Greer opened his own salon in Los Angeles on December 27, 1927, with a guest list that included Norma Talmadge, Lilyan Tashman, Vilma Bánky, Mae Murray, and Adolph Zukor.

During a visit to Greer’s salon, Greta Garbo encountered Mrs. Samuel Goldwyn. After the two exchanged pleasantries, Goldwyn invited Garbo to meet Ruby Keeler, who was being fitted in another room. Keeler had not yet begun her acting career, and was then only known as the wife of Al Jolson. “But why should I meet Mrs. Jolson?” Garbo asked. Her inquiry was grounded in wariness, not arrogance, and Greer knew it. “Meeting anyone is a terrific ordeal for her,” Greer said. A few minutes later, Goldwyn appeared at Garbo’s fitting room and introduced her to Mrs. Jolson. “But you look exactly like your husband!” Garbo blurted out. “To this day I shall never know what she meant.” Greer said.

From 1935 to 1937, Greer took two years off to live in Paris, leaving his salon in the hands of his assistant. When he returned to Hollywood, Greer resumed his custom work, as well as designing for film, including dressing Katharine Hepburn in Bringing Up Baby (1938) and Ginger Rogers in Carefree (1938).

When his old drinking buddy, Travis Banton, left Paramount, Greer took him on at the salon. “Howard didn’t really need him at all, but he knew Travis was awfully depressed and worried about him,” claimed gossip columnist Hedda Hopper. “Howard’s manager told me he had been afraid at the time they might start tooting it up with too many cocktails and the shop would suffer, but Travis started getting offers to do some pictures again and things worked out.”

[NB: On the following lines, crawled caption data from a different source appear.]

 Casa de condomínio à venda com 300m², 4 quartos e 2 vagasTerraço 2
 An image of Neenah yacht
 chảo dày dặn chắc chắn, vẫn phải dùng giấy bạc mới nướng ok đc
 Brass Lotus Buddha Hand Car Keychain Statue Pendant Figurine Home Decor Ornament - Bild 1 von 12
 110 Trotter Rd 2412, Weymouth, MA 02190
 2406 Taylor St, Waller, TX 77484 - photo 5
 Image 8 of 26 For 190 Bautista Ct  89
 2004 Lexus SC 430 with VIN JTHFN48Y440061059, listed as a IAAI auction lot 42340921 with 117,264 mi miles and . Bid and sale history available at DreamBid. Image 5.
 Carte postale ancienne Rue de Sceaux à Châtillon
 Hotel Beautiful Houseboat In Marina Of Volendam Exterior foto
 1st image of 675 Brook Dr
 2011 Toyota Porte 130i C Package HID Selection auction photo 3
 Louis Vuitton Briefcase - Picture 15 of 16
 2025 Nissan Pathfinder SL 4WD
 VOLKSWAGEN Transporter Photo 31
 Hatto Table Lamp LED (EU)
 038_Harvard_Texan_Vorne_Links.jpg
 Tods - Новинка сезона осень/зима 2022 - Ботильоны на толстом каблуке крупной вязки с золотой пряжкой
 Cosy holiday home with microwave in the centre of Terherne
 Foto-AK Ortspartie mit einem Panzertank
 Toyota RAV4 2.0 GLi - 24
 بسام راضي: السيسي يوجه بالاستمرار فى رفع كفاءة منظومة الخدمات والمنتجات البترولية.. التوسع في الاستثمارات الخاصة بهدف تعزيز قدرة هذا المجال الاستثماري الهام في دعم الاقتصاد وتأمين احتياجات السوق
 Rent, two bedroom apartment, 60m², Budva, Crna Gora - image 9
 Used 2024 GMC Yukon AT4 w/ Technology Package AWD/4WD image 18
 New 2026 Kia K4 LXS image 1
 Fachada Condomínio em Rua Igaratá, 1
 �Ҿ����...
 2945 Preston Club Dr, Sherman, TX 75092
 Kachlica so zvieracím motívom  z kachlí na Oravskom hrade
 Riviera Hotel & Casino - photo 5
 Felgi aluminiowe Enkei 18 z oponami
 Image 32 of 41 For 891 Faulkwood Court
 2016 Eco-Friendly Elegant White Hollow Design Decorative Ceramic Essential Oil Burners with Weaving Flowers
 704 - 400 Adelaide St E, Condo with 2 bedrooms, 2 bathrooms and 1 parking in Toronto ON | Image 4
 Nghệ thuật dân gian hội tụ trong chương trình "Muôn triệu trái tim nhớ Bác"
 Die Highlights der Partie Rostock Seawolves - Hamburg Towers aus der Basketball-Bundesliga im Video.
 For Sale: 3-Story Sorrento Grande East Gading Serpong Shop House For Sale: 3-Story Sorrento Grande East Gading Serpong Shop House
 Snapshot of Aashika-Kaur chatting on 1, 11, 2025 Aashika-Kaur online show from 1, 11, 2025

Thanks to the success of his creations and the support of Hollywood, Greer was able to maintain his salon during the Depression and the war. Wartime labor shortages forced Greer to devote more time to the salon. In response to the growth of the ready-to-wear industry, Greer and his new partner, Bruce McIntosh, began designing a wholesale line in 1946, which proved profitable. At first the two produced both custom and ready-made garments, but after several years, they produced exclusively ready-to-wear items. A couple of years later, rising supply costs and a shortage of skilled labor forced Greer to close shop. Greer remained active in costuming and design until his death on April 17, 1974.